The two-year Master of Fine Arts (MFA) Program supports 12 graduate students per year and strives to graduate working artists who will continue to demonstrate significant artistic, critical and cultural impacts across a wide array of disciplines. Incoming MFA students are expected to be already deeply engaged in their creative practice and possess technical proficiency in their chosen media. Graduate coursework and independent study are designed to help students develop a critical understanding of their creative work in the multiple contexts of specific localities and global contemporary art. Our graduate students are encouraged to take university-wide and cross-disciplinary courses linked to their research interests, studying and collaborating with faculty and graduate students in areas as diverse as Geography, Environmental Sciences, Classics, Art History, Disability Studies, Philosophy, Cognitive Science, Interactive Design, Rhetoric, Film Studies, and Comparative Literature.
The Program seeks to help students develop a keen sense of their audience and to consider how they will reach, or generate, that audience for their work. Art Practice faculty help to facilitate the exposure of graduate student work to a broader public, whether in museums, galleries, public places, or through other forms of engagement and dissemination.
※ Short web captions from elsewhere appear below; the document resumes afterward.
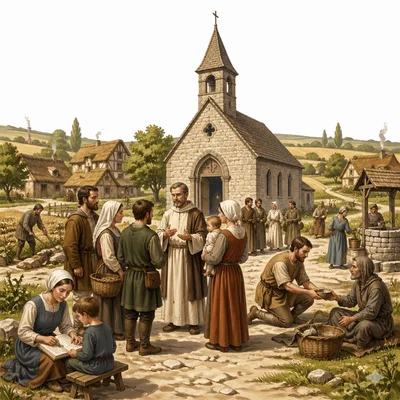 A medieval church serving as the center of village daily life.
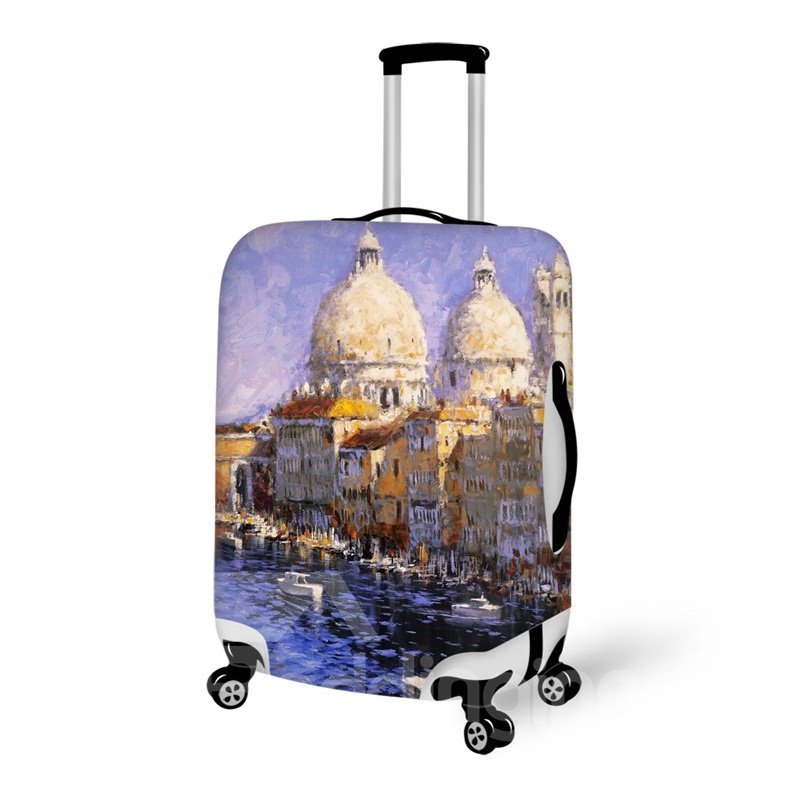 Travel Luggage Cover Suitcase Oil Painting 3D Pattern Calm Village Life Protector 19 20 21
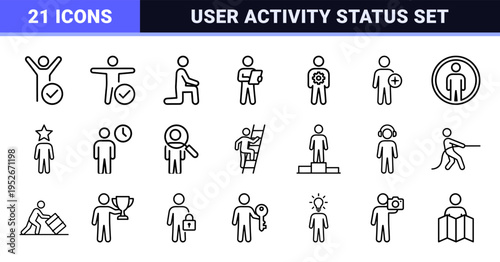 Humanoid Posture and Status Verification Minimalist Line Art Symbols for Interface Navigation and User Profile Management Systems.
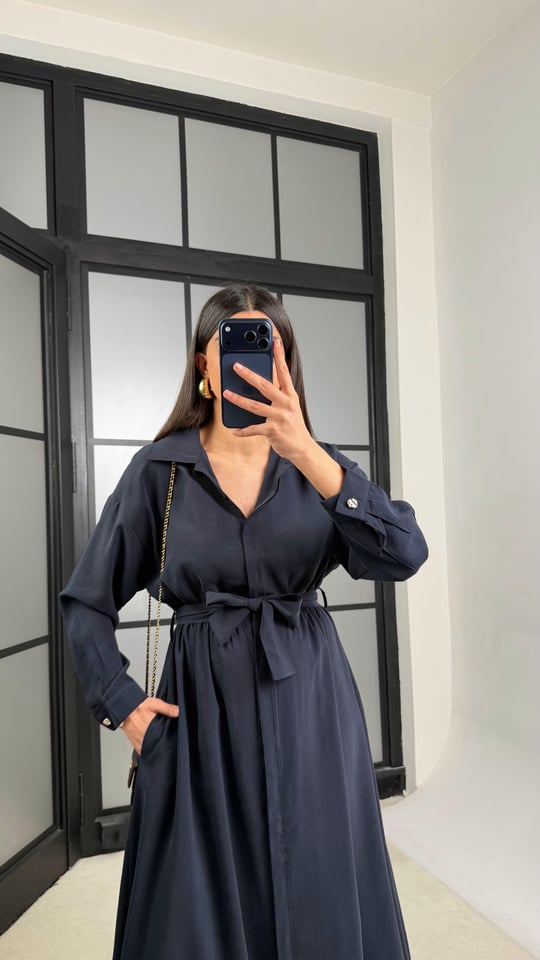 Lacivert Beli Lastikli Kuşaklı Tencel Elbise GAUS-01286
Peer-to-peer discussion and critique form the heart of Berkeley’s MFA Program. Students respond to their classmates’ work and learn to think, speak, and write critically about art’s functions and possibilities. A Visiting Artist Lecture Series, along with studio visits, offers graduate students the chance to connect with internationally-known artists. Students also have opportunities to teach, and they are mentored and closely supported by a faculty member. Exhibitions in the first and second year of study require students to maintain a rigorous pace of creative research and establish a professional art practice. The final thesis exhibition, completed after the second year of study, is held at the Berkeley Art Museum.